Meanwhile, Dr. Vanessa Tyson, the California professor who has accused Lt. Gov. Justin Fairfax (D-VA) of sexual assault, came forward on Wednesday with a statement alleging that he forced her to perform oral sex on him during the Democratic National Convention in 2004.

Fairfax has repeatedly denied the allegation and maintained that he had Tyson's consent for their sexual encounter. "I cannot believe, given my obvious distress, that Mr. Fairfax thought this forced sexual act was consensual," Tyson said in her statement. In a twist, Fairfax has retained the same law firm that represented Supreme Court Justice Brett Kavanaugh during his confirmation hearings last year, while Tyson has retained the same law firm that represented Kavanaugh's accuser, Christine Blasey Ford, who also worked at a university in California.

"It is remarkable that all three of Virginia's statewide, state-level elected officials are now embroiled in such controversy at the same time," Kyle Kondik, a political analyst who serves as communications director of the University of Virginia Center for Politics, said to Wake Up To Politics. "Perhaps there is some comparable situation historically, but if so I cannot think of it."

After Fairfax and Herring, the man third in line for Virginia's governorship is Republican House of Delegates Speaker Kirk Cox, who assumed control last year after a name was picked out of a bowl to settle a tied race.  

While national Democrats were quick to call for Northam's resignation, they have been slower to respond to Herring's disclosure and the allegations against Fairfax.
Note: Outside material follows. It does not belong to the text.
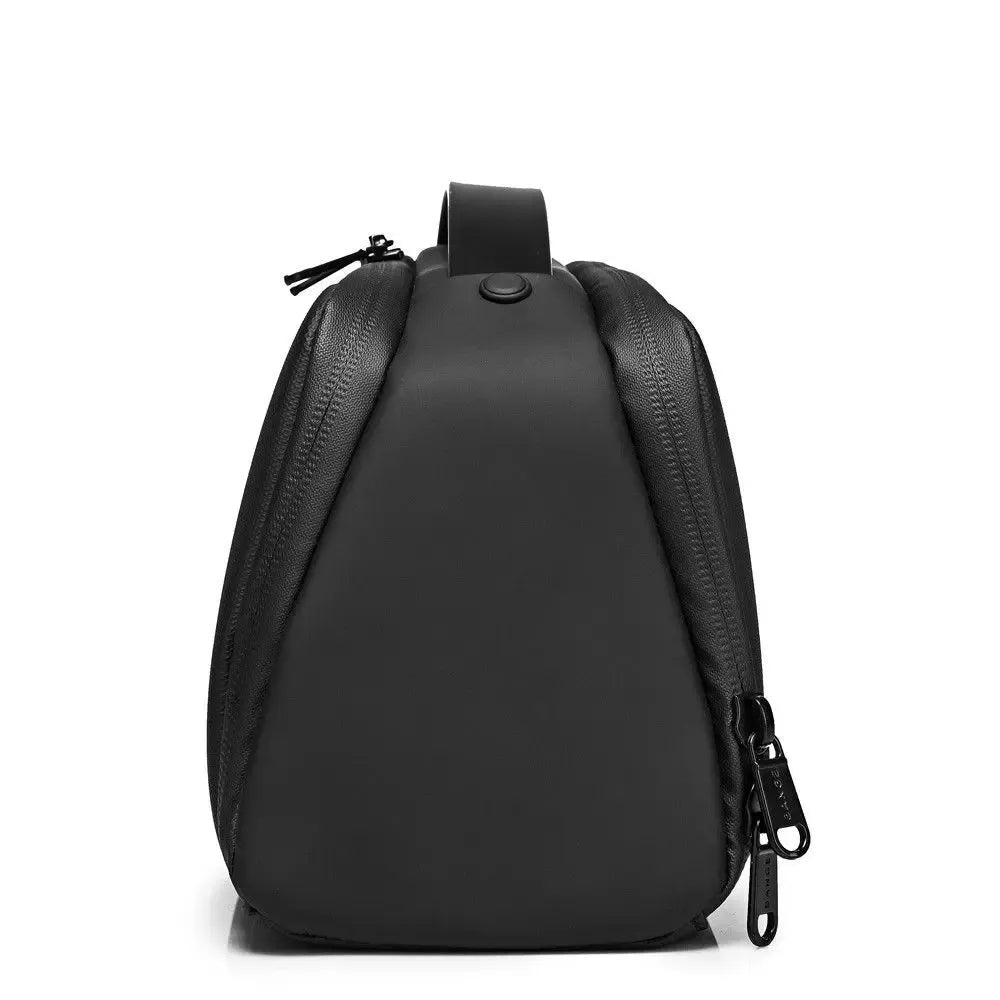 Side view of black BANGE BG-22196 toiletry bag with compact profile, zippered closure, and top hanging loop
Rep. Jennifer Wexton (D-VA) has been one of the few lawmakers to weigh in on the latter: "I believe Dr. Vanessa Tyson," she tweeted on Wednesday.

"When it was just Northam who was under fire, it seemed as though he’d buckle to public pressure and leave," Kondik said. "But now that Fairfax and Herring are damaged, too, he may be able to hang on to office. It’s a disaster for Democrats as they try to win back the state legislature in the fall." But the analyst declined to make predictions as to the outcome of the upcoming state legislative elections: "At this rate, we can hardly predict where we'll be nine days — or even nine hours — from now," he pointed out.

The latest: Border security negotiations

The February 15 deadline is ticking for lawmakers to avoid another government shutdown, and members of the bipartisan, bicameral border security conference committee are reportedly zeroing in on an agreement.

The 17-member panel is hoping to have a tentative deal in place by Friday, giving both chambers of Congress one week to pass the measure. "I think everybody pretty much feels that Friday is the deadline to get it done," House Majority Leader Steny Hoyer (D-MD) told reporters Wednesday.

The top leaders in both parties have mostly given the dealmakers space during the negotiations. "Left to their own devices, if they have a bipartisan agreement, I will support it," House Speaker Nancy Pelosi (D-CA) said Wednesday. Senate Majority Leader Mitch McConnell (R-KY) has sung a similar tune, seemingly moving away from his previous stance that a funding bill would need President Donald Trump's support before receiving a vote on the Senate floor. "I think the conferees ought to reach an agreement, and then we'll hope that the president finds it worth signing," he said.

The White House has adopted an equally hands-off approach, with President Trump also sitting out of the negotiations — although his signature will be needed on the final agreement. According to the Washington Post, both sides have made concessions in the closed-door talks, "with Democrats saying money for border barriers was on the table and Republicans acknowledging they won’t get Trump the $5.7 billion he has sought for his wall."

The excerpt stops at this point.